- **THE TASK**
What lines of the listing below contain the word "your"? Copy each of them out.

- **GIVEN DATA**

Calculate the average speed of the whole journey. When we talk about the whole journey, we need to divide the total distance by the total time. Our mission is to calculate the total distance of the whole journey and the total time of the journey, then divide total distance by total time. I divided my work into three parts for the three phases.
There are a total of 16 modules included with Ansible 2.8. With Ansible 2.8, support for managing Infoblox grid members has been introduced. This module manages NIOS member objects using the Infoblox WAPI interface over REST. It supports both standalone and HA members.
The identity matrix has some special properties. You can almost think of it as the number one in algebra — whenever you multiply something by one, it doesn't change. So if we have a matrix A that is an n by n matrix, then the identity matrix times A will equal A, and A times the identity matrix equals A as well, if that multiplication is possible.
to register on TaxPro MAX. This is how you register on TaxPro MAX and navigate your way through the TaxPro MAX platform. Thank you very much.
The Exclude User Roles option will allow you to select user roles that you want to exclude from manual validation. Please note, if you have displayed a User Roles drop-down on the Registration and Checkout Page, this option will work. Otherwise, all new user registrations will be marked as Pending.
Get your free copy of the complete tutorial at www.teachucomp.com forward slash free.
--
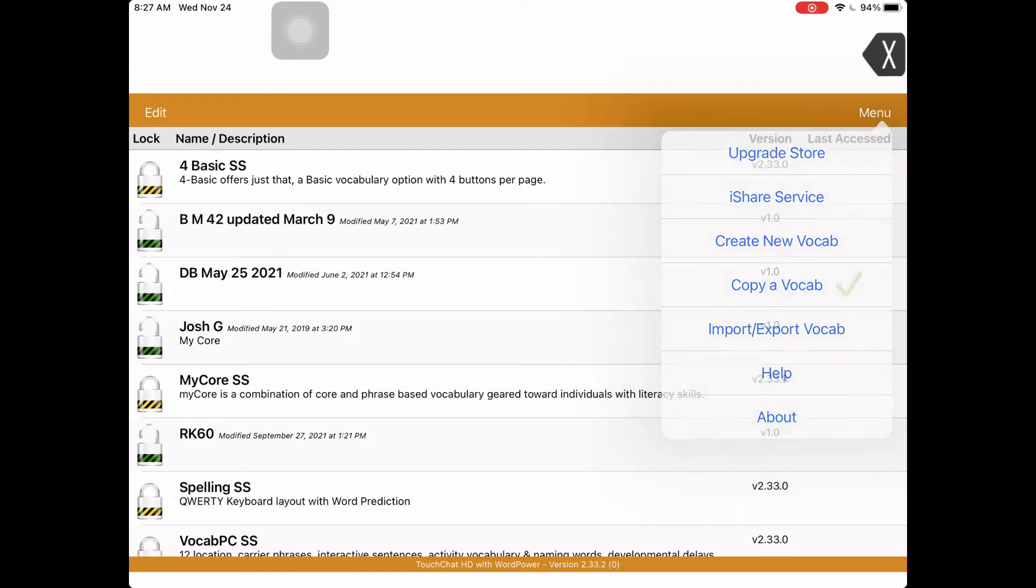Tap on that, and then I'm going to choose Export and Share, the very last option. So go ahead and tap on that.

- **RESULT BELOW**
to register on TaxPro MAX. This is how you register on TaxPro MAX and navigate your way through the TaxPro MAX platform. Thank you very much.
Get your free copy of the complete tutorial at www.teachucomp.com forward slash free.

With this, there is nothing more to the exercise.